Il n'en est pas encore de même au niveau de la réception. Au début, les "sans-filistes" construisent souvent eux-mêmes leurs récepteurs et guettent toutes les améliorations technologiques possibles. Car les émissions sont difficiles à capter, les casques d'écoute blessent les oreilles, les haut-parleurs sont anémiques et les phonographes sont nasillards. Le bras lecteur électrique de disques (pick-up) n'étant pas encore commercialisé, on se contente de placer un microphone directement à la sortie du pavillon du phonographe. Cela ne gêne pas trop les mélomanes courageux qui reçoivent déjà des transmissions d'importance européenne, comme celles de Bayreuth.
Au studio, le technicien de service communique avec les artistes au moyen d'un tableau lumineux qui donne des ordres impératifs: "soliste trop près", "soliste trop loin", "accompagnement trop faible", "BON"! Un autre tableau interdit l'entrée du studio par les mots: "SILENCE, EMISSION"! L'émetteur de Sottens donne enfin, en 1931, une plus grande portée au rayonnement des ondes. Les émissions durent huit heures par jour; la propagande auprès des auditeurs et la lutte contre les perturbations (parasites) s'organisent et sont confiées à la Fondation Pro Radio. Quelques amateurs tentent des transmissions lointaines [p. 107] avec l'Amérique. La mise en service de la télédiffusion (réception par fil) améliore la qualité de la réception à domicile.
Peu à peu diverses salles de théâtre, de concerts, des églises sont reliées au studio par des lignes téléphoniques qui permettent de transmettre les manifestations qui s'y déroulent. L'apparition de graveurs sur disques de qualité, en 1934, va enfin permettre la constitution d'archives sonores "maison" et la diffusion en différé de certaines émissions.
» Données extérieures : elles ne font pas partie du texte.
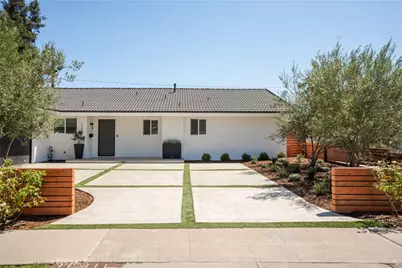 1133 El Camino, Costa Mesa, CA 92626 - Photo 3
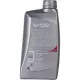 Автомобільна моторна олива NORDKAPP LARUS 10W-40 1л nk0182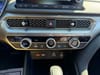 21 thumbnail image of  2024 Acura Integra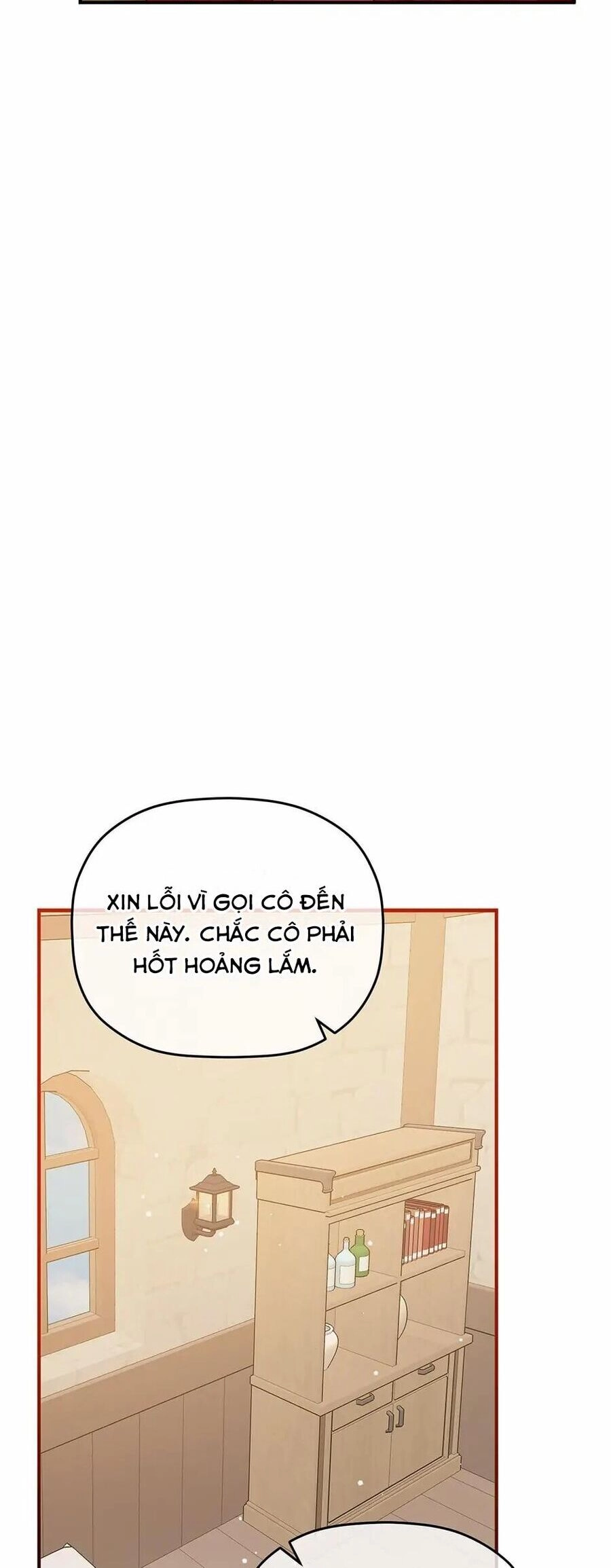Phương Pháp Ngăn Bạo Chúa Hắc Hoá Chapter 83 - 36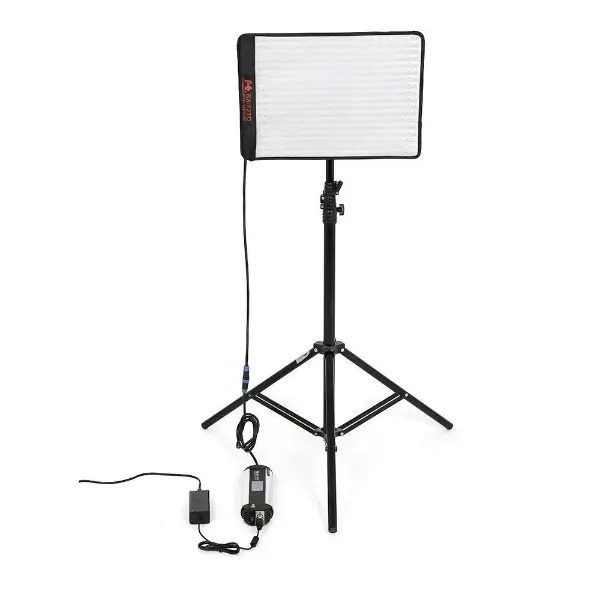 cdbbfcbe7d078a8875582490478e2d55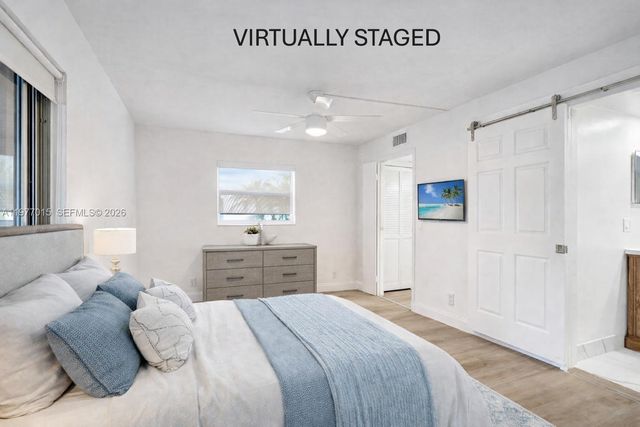 62 Monaco B 62, Delray Beach, FL 33446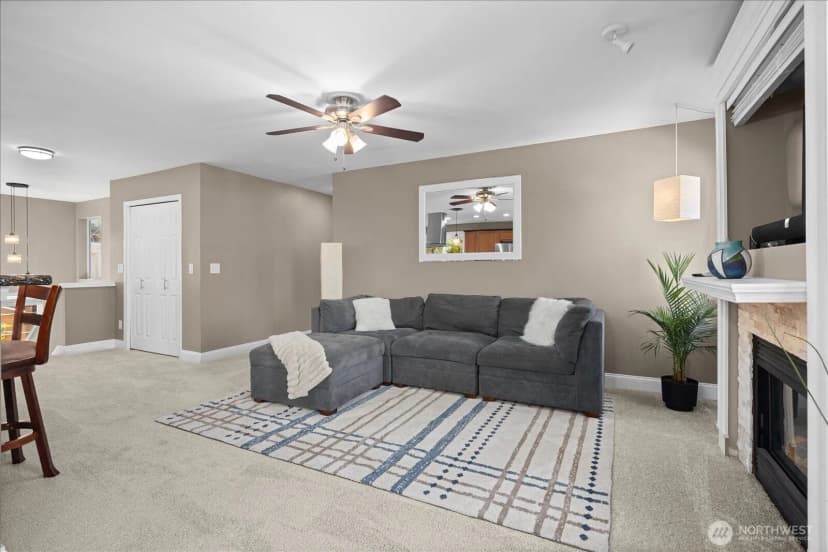 Property photo for 19019 20th Place W, Lynnwood photo 4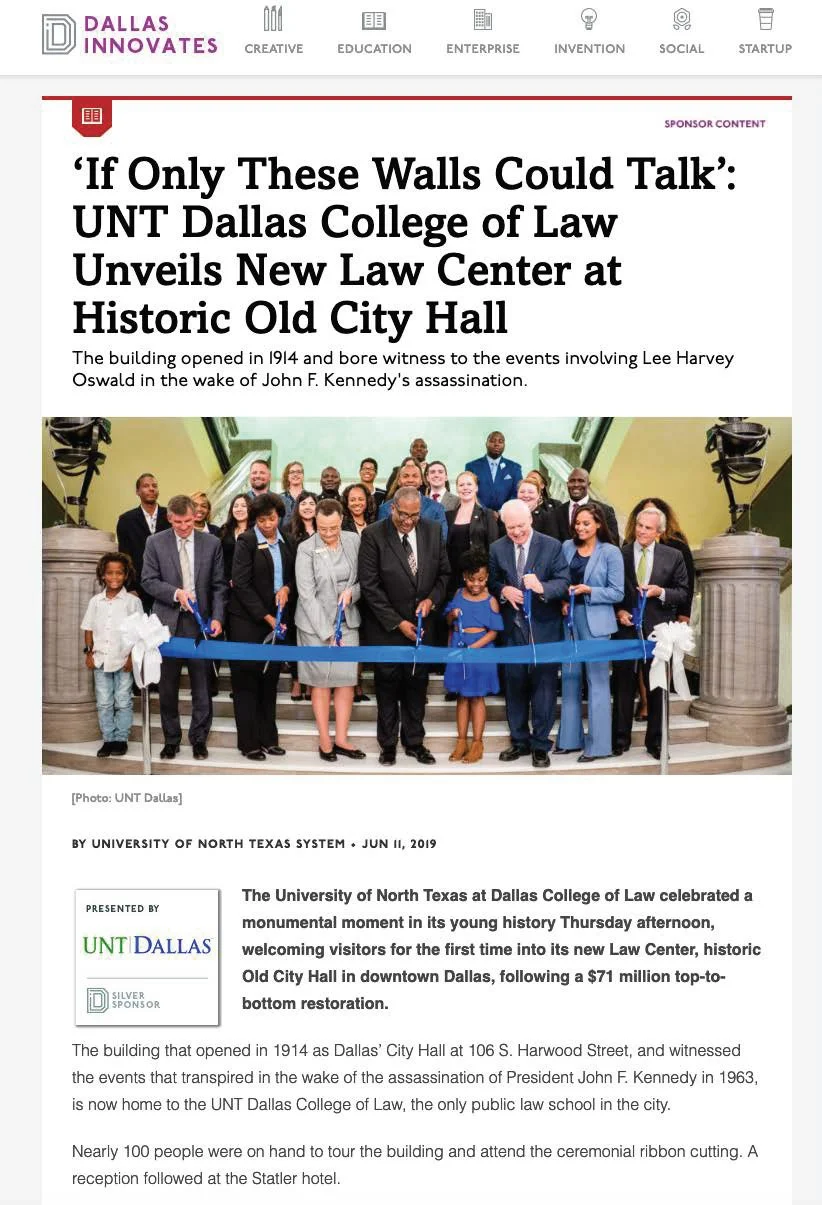 Media _Page_01.jpg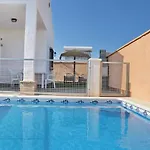 Chalet Penuelas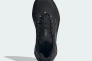Кросівки Adidas Terrex Trailmaker 2.0 Black IE4847 Фото 2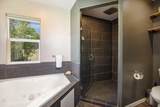 1545 19th Street - Photo 20
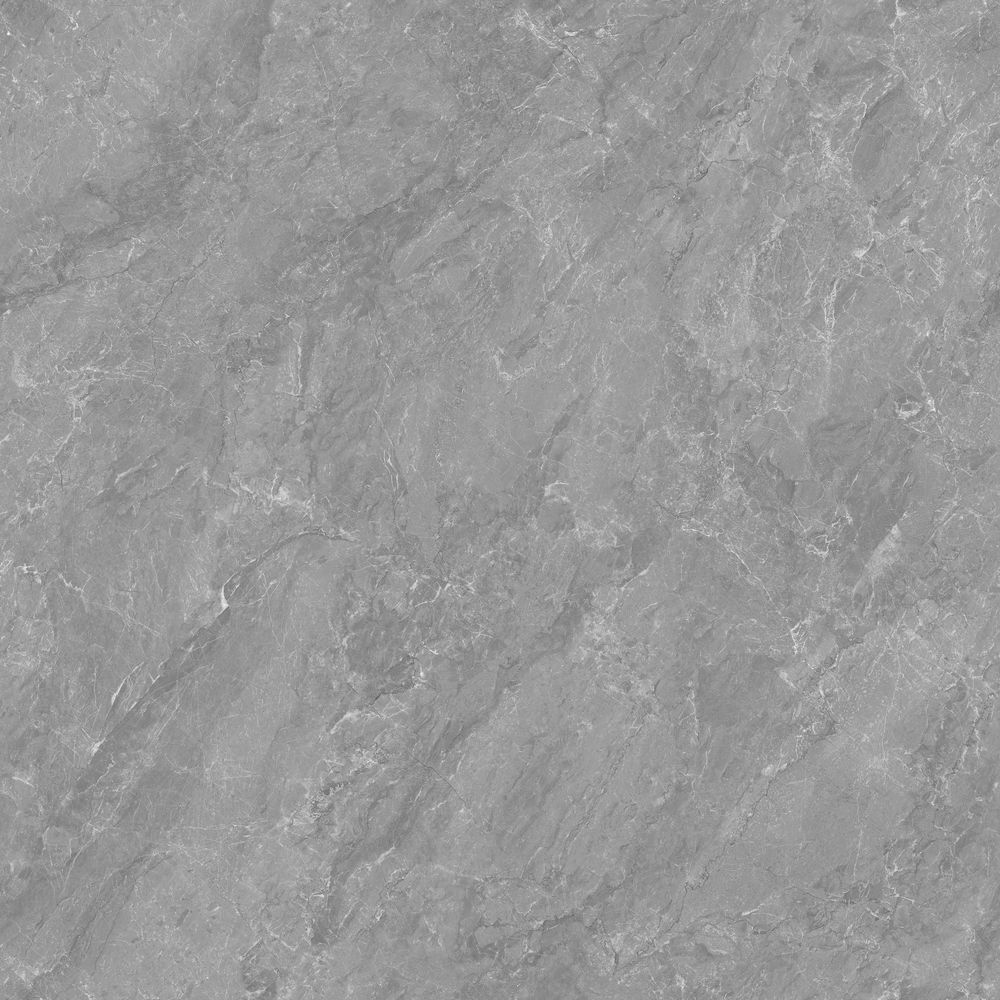 Керамогранит Butterfly 600x600 камень темно-серый матовый — купить в Екатеринбурге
Complément attendu de ces équipements, une première voiture de reportage, reçue en 1936, offre de nouvelles possibilités d'émissions ou d'enregistrements hors des studios: de quoi combler les auditeurs sportifs qui entendent pour la première fois la retransmission en direct du Tour de Suisse cycliste et de nombreuses autres manifestations.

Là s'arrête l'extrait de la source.